By the end of August, the UDT remnants were retreating toward the Indonesian border. A UDT group of nine hundred crossed into West Timor on 24 September 1975, followed by more than a thousand others, leaving Fretilin in control of East Timor for the next three months. The death toll in the civil war reportedly included four hundred people in Dili and possibly sixteen hundred in the hills.[20]
Indonesian motivations
Indonesian nationalist and military hardliners, particularly leaders of the intelligence agency Kopkamtib and special operations unit, Opsus, saw the Portuguese coup as an opportunity for East Timor's annexation by Indonesia.[22] The head of Opsus and close Indonesian President Suharto adviser, Major General Ali Murtopo, and his protege Brigadier General Benny Murdani headed military intelligence operations and spearheaded the Indonesia pro-annexation push.[22] Indonesian domestic political factors in the mid-1970s, however, were not conducive to such expansionist intentions; the 1974–75 financial scandal surrounding petroleum producer Pertamina meant that Indonesia had to be cautious not to alarm critical foreign donors and bankers. Thus, Suharto was originally not in support of East Timor invasion.[23]
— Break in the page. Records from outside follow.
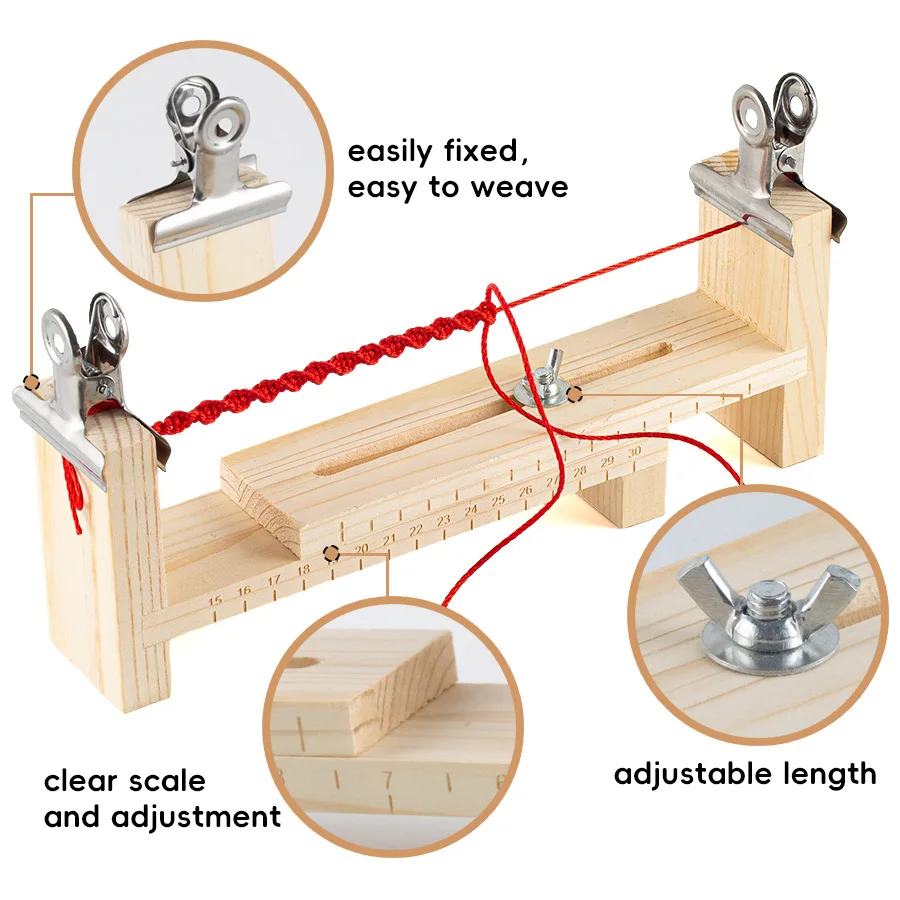 Bracelet Weaving Loom - Wooden Craft Stand for Macrame Cord & Jewelry Making Tools view 2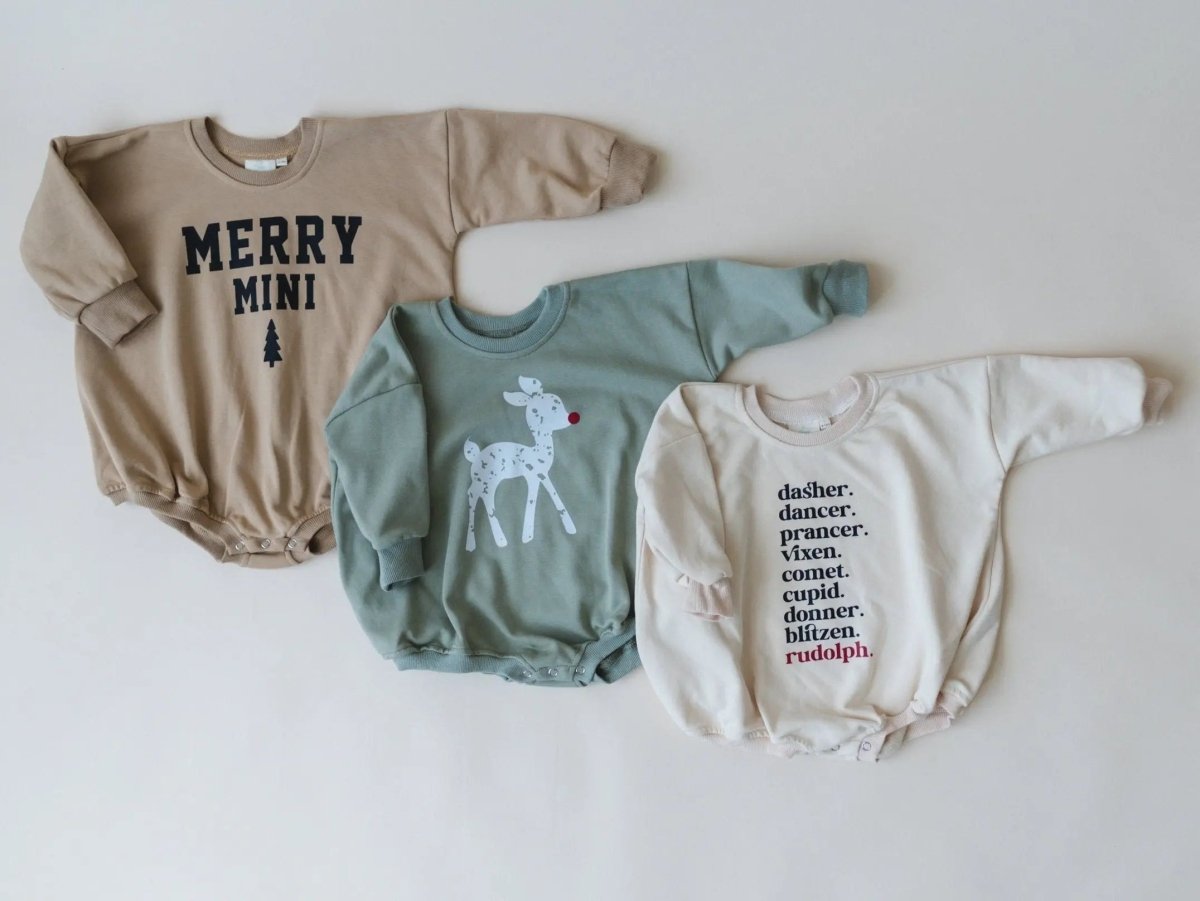 Little Joy Co. Merry Mini Christmas Sweatshirt Romper - Everetts Place Boutique - 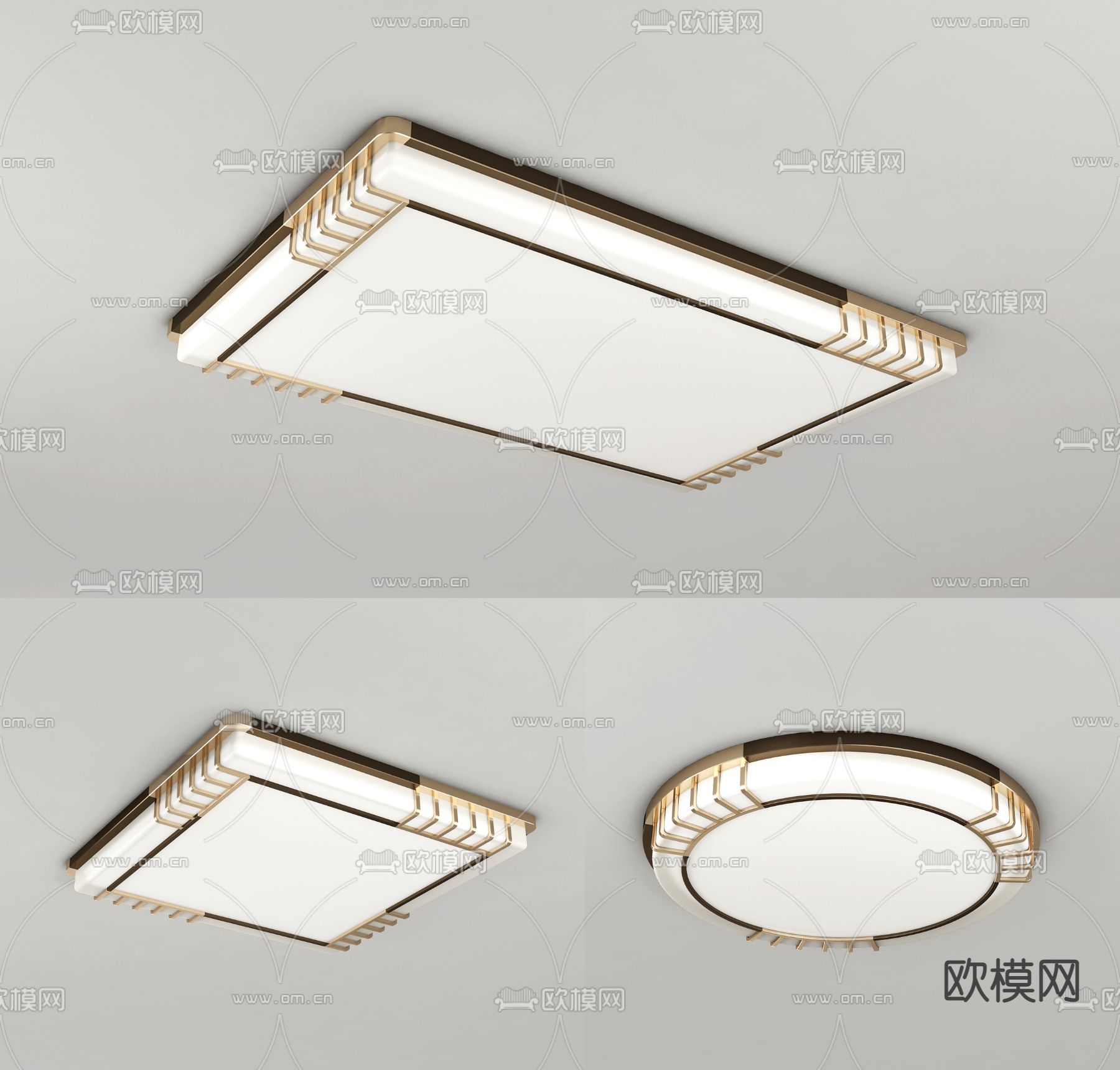 现代金属吸顶灯3d模型下载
Such considerations, however, became overshadowed by Indonesian and Western fears that victory for the left-wing Fretilin would lead to the creation of a communist state on Indonesia's border that could be used as a base for incursions by unfriendly powers into Indonesia, and a potential threat to Western submarines. It was also feared that an independent East Timor within the archipelago could inspire secessionist sentiments within Indonesian provinces. These concerns were successfully used to garner support from Western countries keen to maintain good relations with Indonesia, particularly the United States, which at the time was completing its withdrawal from Indochina.[24] The military intelligence organisations initially sought a non-military annexation strategy, intending to use APODETI as its integration vehicle.[22] Indonesia's ruling "New Order" planned for the invasion of East Timor. There was no free expression in "New Order" Indonesia and thus no need was seen for consulting the East Timorese either.[25]
In early September, as many as two hundred special forces troops launched incursions, which were noted by US intelligence, and in October, conventional military assaults followed. Five journalists, known as the Balibo Five, working for Australian news networks were executed by Indonesian troops in the border town of Balibo on 16 October.[26]
Invasion
On 7 December 1975, Indonesian forces invaded East Timor.[27]
Operasi Seroja (1975–1977)
Operasi Seroja (Operation Lotus) was the largest military operation ever carried out by Indonesia.[28][29] Following a naval bombardment of Dili, Indonesian seaborne troops landed in the city while simultaneously paratroopers descended.[30] 641 Indonesian paratroopers jumped into Dili, where they engaged in six-hours combat with FALINTIL gunmen. According to author Joseph Nevins, Indonesian warships shelled their own advancing troops and Indonesian transport aircraft dropped some of their paratroopers on top of the retreating Falantil forces and suffered accordingly.[31] By noon, however, Indonesian forces had taken the city at the cost of 35 Indonesian soldiers killed, while 122 FALINTIL freedom fighters died in the combat.[32]
On 10 December, a second invasion resulted in the capture of the second biggest town, Baucau, and on Christmas Day, around 10,000 to 15,000 troops landed at Liquisa and Maubara. By April 1976 Indonesia had some 35,000 soldiers in East Timor, with another 10,000 standing by in Indonesian West Timor. A large proportion of these troops were from Indonesia's elite commands. By the end of the year, 10,000 troops occupied Dili and another 20,000 had been deployed throughout East Timor.[33] Massively outnumbered, FALINTIL troops fled to the mountains and continued guerrilla combat operations.[34]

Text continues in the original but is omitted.